KOROPAK.COM – JAKARTA – Menteri Keuangan Purbaya Yudhi Sadewa menyebut penerapan Undang-Undang Nomor 10 Tahun 2020 tentang Cipta Kerja (UU Ciptaker) berdampak signifikan pada penerimaan negara, khususnya dari sektor batu bara.
Ia mengatakan aturan tersebut mengubah status batu bara dari non-barang kena pajak menjadi barang kena pajak (BKP), sehingga membuka ruang bagi perusahaan tambang mengajukan restitusi PPN.
“Pada waktu Undang-Undang Cipta Kerja 2020 diterapkan jadi membuat status batu bara dari non barang kena pajak menjadi barang kena pajak akibatnya industri batu bara bisa meminta restitusi PPN ke pemerintah, itu sekitar Rp25 triliun per tahun,” ujar Purbaya dalam Rapat Kerja dengan Komisi XI DPR RI di Jakarta Pusat, Senin (8/12).
Menurut Purbaya, nilai restitusi tersebut sangat besar, bahkan membuat pendapatan negara dari sektor batu bara berubah negatif. “Net income kita dari industri batu bara bukannya positif malah dengan pajak segala macam jadi negatif,” ujarnya.

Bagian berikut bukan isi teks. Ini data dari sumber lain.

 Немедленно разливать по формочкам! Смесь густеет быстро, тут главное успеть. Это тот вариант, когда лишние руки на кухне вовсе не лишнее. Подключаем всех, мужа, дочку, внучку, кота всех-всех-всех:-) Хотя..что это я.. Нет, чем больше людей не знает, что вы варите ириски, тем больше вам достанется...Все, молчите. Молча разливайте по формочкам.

Ia menilai kondisi ini sama saja dengan negara memberikan subsidi tidak langsung kepada pelaku industri yang sebenarnya sudah meraup untung besar.
Purbaya menegaskan bahwa situasi tersebut tidak sejalan dengan prinsip pemerataan ekonomi. “Ini orang kaya, ekspor untungnya banyak, saya subsidi kira-kira secara enggak langsung,” ucapnya.
Untuk menutup celah fiskal ini, pemerintah menyiapkan kebijakan pemungutan bea keluar terhadap batu bara dan emas. Langkah ini diharapkan bisa memperbaiki struktur penerimaan negara sekaligus menekan beban restitusi.
“Artinya apa? Jadi sisi daya saing di pasar global tidak akan berkurang karena hanya seperti sebelumnya saja, 2020 sebelumnya seperti itu dan mereka bisa bersaing,” kata Purbaya.
Ia juga mengungkap bahwa anjloknya penerimaan pajak tahun ini salah satunya disebabkan tingginya restitusi batu bara. “Makanya kenapa pajak saya tahun ini turun karena bea restitusi cukup besar,” terangnya.
Pemerintah merencanakan tarif bea keluar emas sebesar 7,5–15 persen, sementara batu bara dikenakan 1–5 persen. Kebijakan tersebut diperkirakan mampu memberi tambahan penerimaan sekitar Rp23 triliun per tahun.
Dari jumlah itu, Rp20 triliun ditargetkan berasal dari bea keluar batu bara dan Rp3 triliun dari emas. Dana tersebut diproyeksikan untuk membantu menutup defisit anggaran tahun depan.